Some of you may have noticed that I have missed a few posts this week. I try to post everyday. The problem is that most days I have the time and inspiration for my post at night. The kids are finally in bed and my thoughts always wax more profound at night. This has always been true for me.
So it has been pretty hard for me to post the last while because I keep falling asleep before my kids do. That and the fact that from 3 p.m. on I have been laid out on the couch, my bed, or in the tub trying not to think about how sick I feel. Yes folks, I guess it is as safe as it ever will be to announce that I am expecting -- 13 weeks now. That makes my due date May 5. Wahoo!
We are very happy about the pregnancy. It has been really hard and really wonderful all at the same time for me. The hormones have just made the grief that much more intense at times, but the hope and work of creating a new life is healing. Plus the sickness, while it basically sucks, is at least distracting. It is hard to focus on your hurting heart when you just want to hurl.

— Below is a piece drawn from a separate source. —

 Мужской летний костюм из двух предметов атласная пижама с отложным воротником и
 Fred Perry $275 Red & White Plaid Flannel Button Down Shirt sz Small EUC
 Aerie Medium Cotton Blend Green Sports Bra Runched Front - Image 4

As for the question I have been asked by all who know thus far -- "Do you want a girl or a boy?" My answer is a decided, "I don't care." I would like a healthy baby. If we are ever going to have a boy, this is probably a good time now that I have this big gap between kids. But I just love little girls. I would love to have another little girl. And I am curious about what it would be like to have a son. So really, I don't care or have any premonitions about that.

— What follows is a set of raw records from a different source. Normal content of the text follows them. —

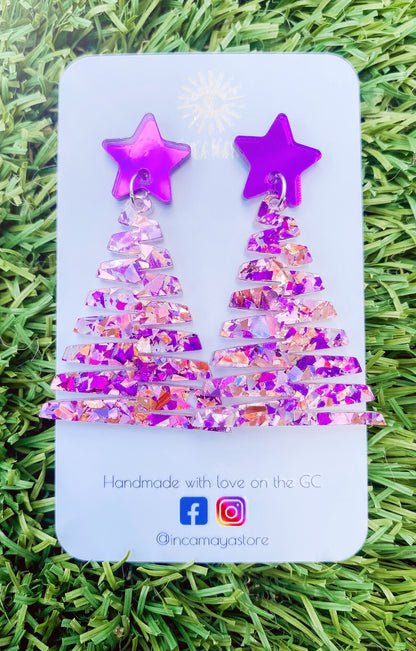 Chunky Glitter Purple Glitter Christmas Tree Dangles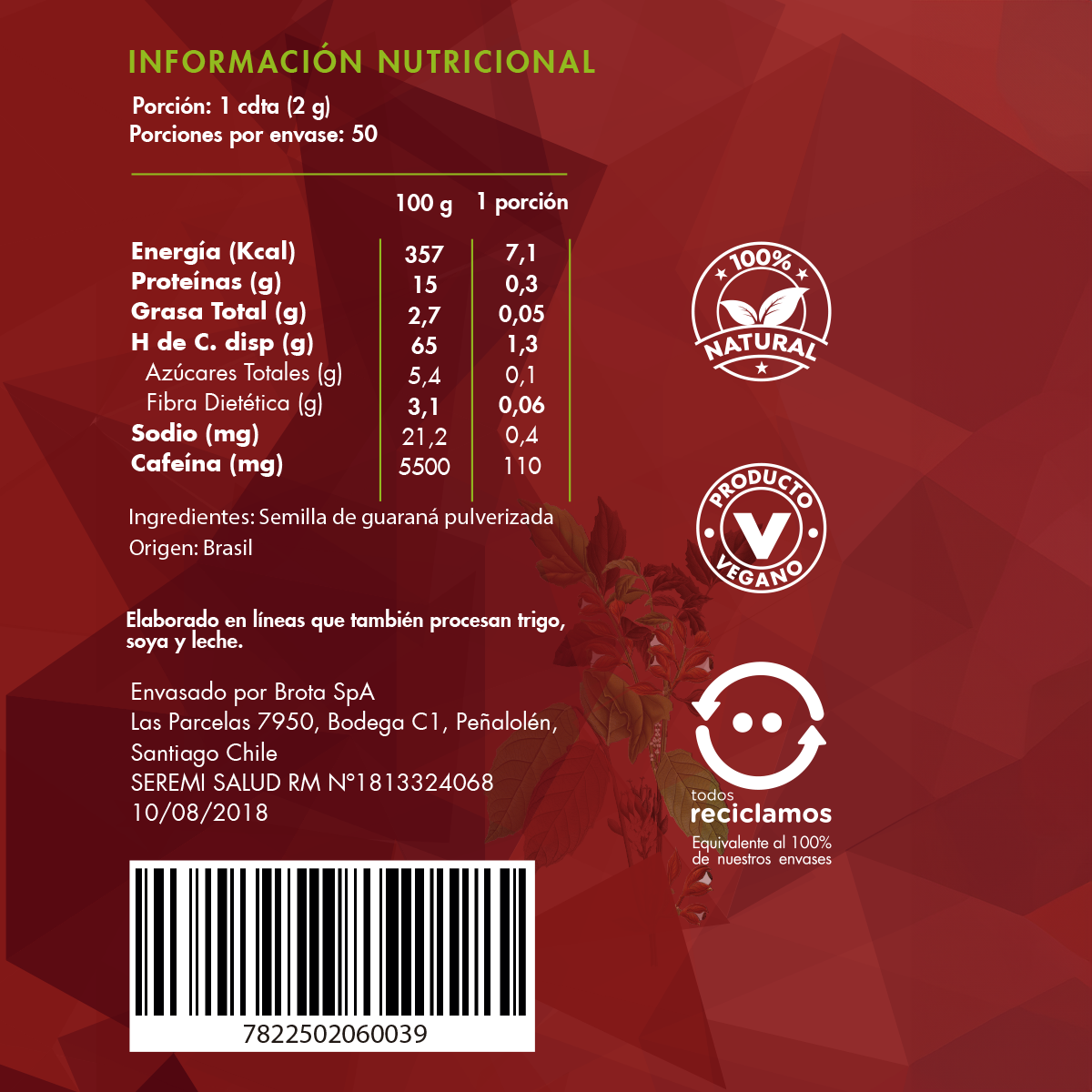 Pack Energía Natural: Té Matcha + Guaraná + Ginseng Brota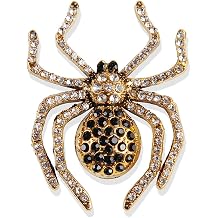 Spider Brooch Pins for Women Gothic Rhinestone Spider Pin Insect Brooch Halloween Cosplay Party Vintage Costume Accessories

Jon on the other hand, well, he has informed the baby it is a boy. And he has a name all picked out. I just roll my eyes at him, his decision that this will be a boy, and his chosen name. I have heard all of that before from him - a few times.

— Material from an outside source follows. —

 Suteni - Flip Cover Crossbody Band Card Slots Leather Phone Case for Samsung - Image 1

So I still have a few sick weeks left. Usually I start to feel better between 14 and 16 weeks and then finally like food again by 18 weeks. I am just really hoping I am loving food by Thanksgiving. I really love Thanksgiving dinner. It is my favorite meal of the year. My parents are awesome cooks. I really want to be able to enjoy it this year. I should be 17 weeks by then so I am hopeful.
I will try to start posting in the morning so I don't miss days, but I can't make any guarantees. Some mornings, I just have to go wrangle my little loveys. Judging from the pounding on the ceiling, I think I need to go do that right now.